◆ **Your task**: Only an exact repetition is needed: the lines from the start of the listing below through the line that contains "Silver Begagnad 2010", pictures omitted.

◆ **Records shown**:
>>>>>

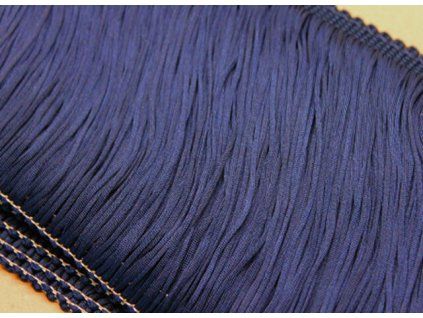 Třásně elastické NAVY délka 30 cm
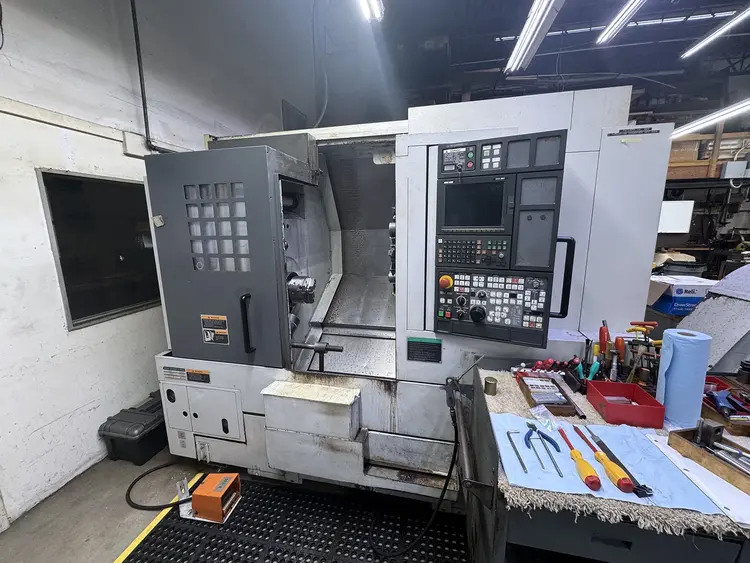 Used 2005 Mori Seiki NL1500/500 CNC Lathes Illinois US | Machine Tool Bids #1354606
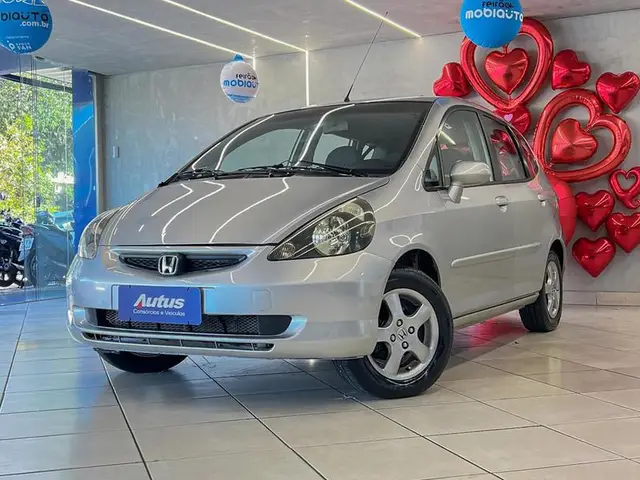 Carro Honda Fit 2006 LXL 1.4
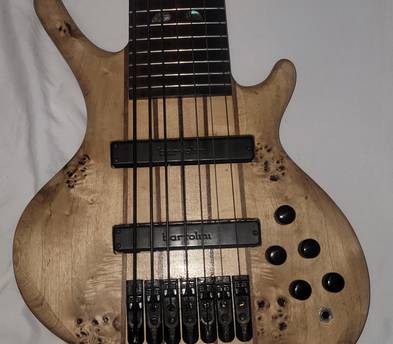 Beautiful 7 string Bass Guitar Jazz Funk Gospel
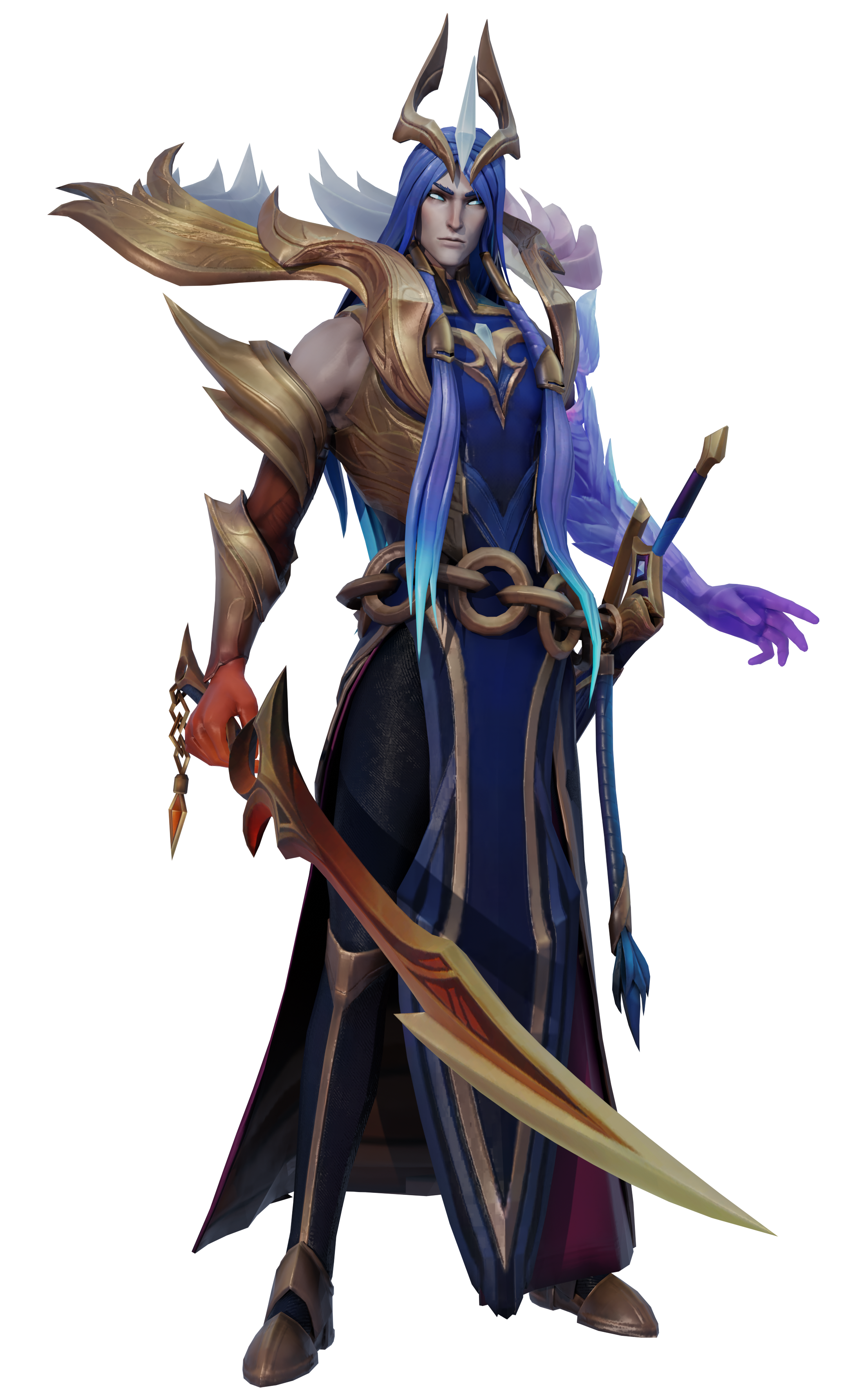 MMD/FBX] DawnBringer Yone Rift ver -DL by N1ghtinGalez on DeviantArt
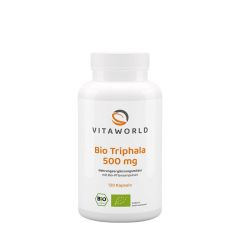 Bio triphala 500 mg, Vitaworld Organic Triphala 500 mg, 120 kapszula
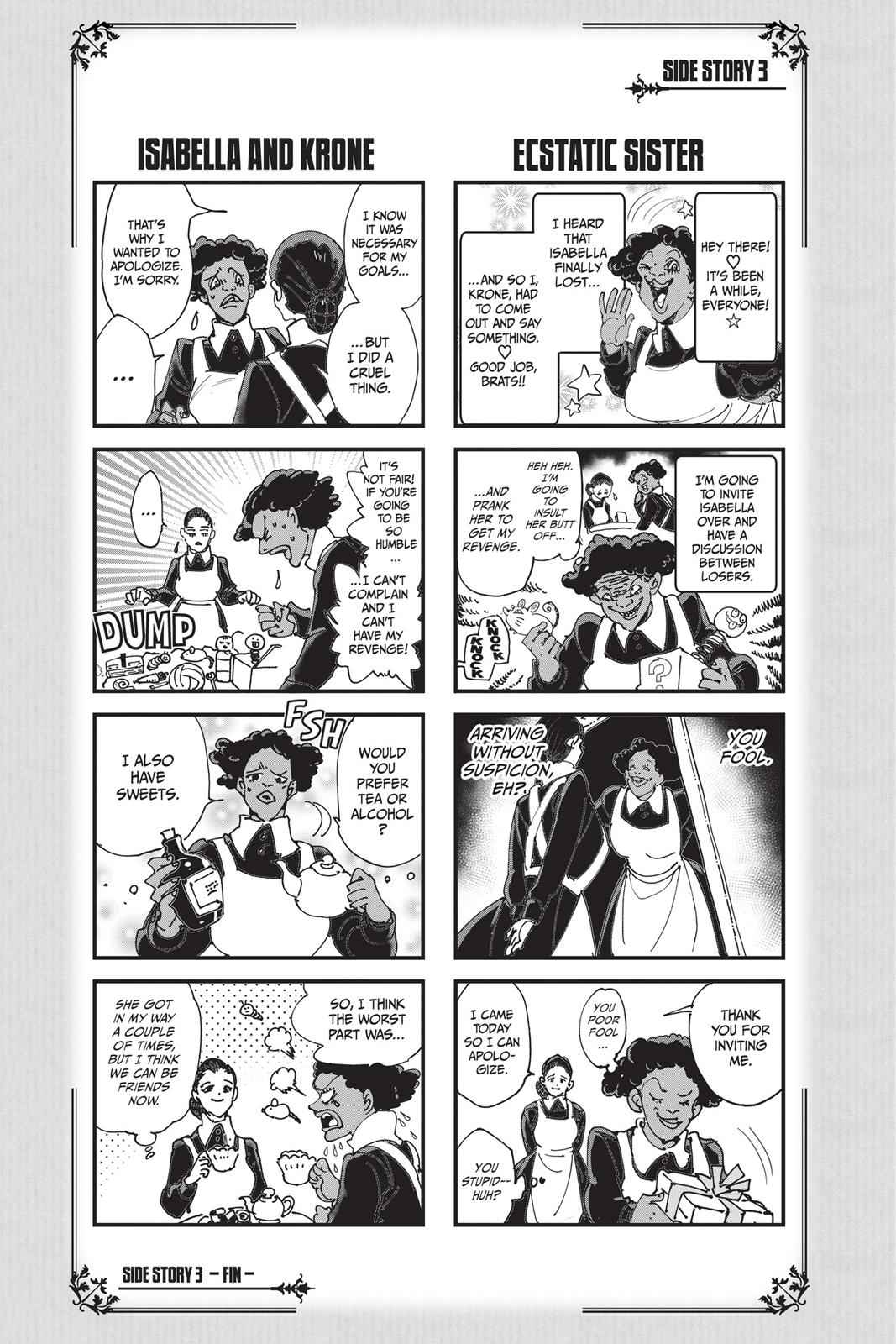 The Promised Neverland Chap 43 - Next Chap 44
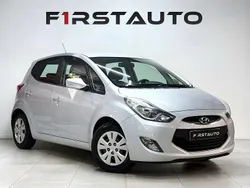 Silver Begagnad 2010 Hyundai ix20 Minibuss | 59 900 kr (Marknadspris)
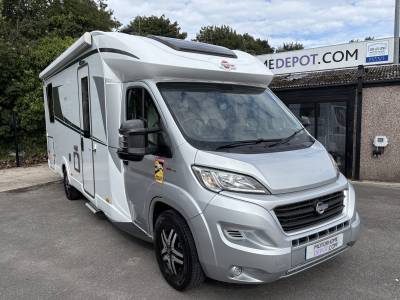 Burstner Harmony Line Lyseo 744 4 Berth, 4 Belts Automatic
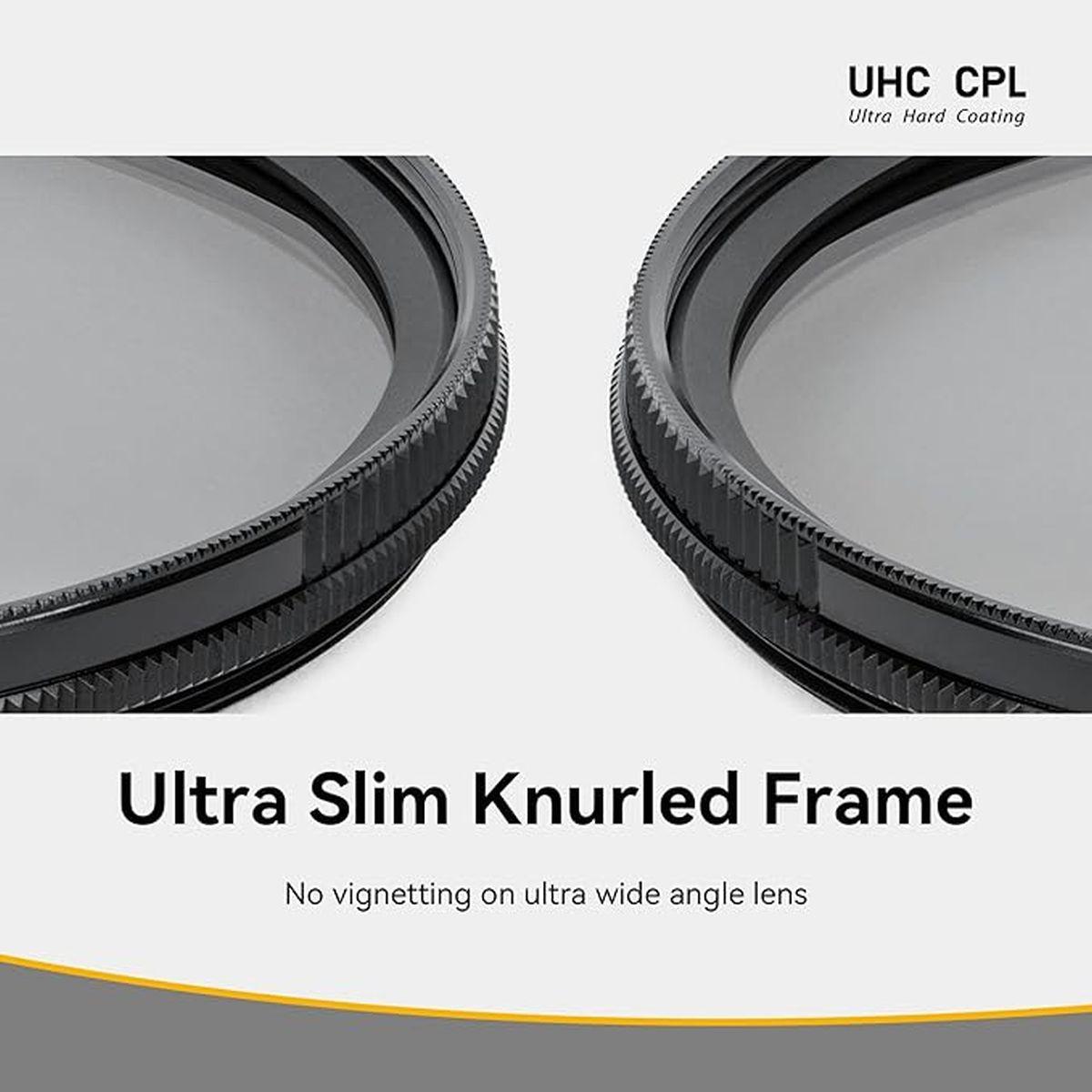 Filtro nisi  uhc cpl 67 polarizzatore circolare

<<<<<

◆ **Written response**:
 Třásně elastické NAVY délka 30 cm
 Used 2005 Mori Seiki NL1500/500 CNC Lathes Illinois US | Machine Tool Bids #1354606
 Carro Honda Fit 2006 LXL 1.4
 Beautiful 7 string Bass Guitar Jazz Funk Gospel
 MMD/FBX] DawnBringer Yone Rift ver -DL by N1ghtinGalez on DeviantArt
 Bio triphala 500 mg, Vitaworld Organic Triphala 500 mg, 120 kapszula
 The Promised Neverland Chap 43 - Next Chap 44
 Silver Begagnad 2010 Hyundai ix20 Minibuss | 59 900 kr (Marknadspris)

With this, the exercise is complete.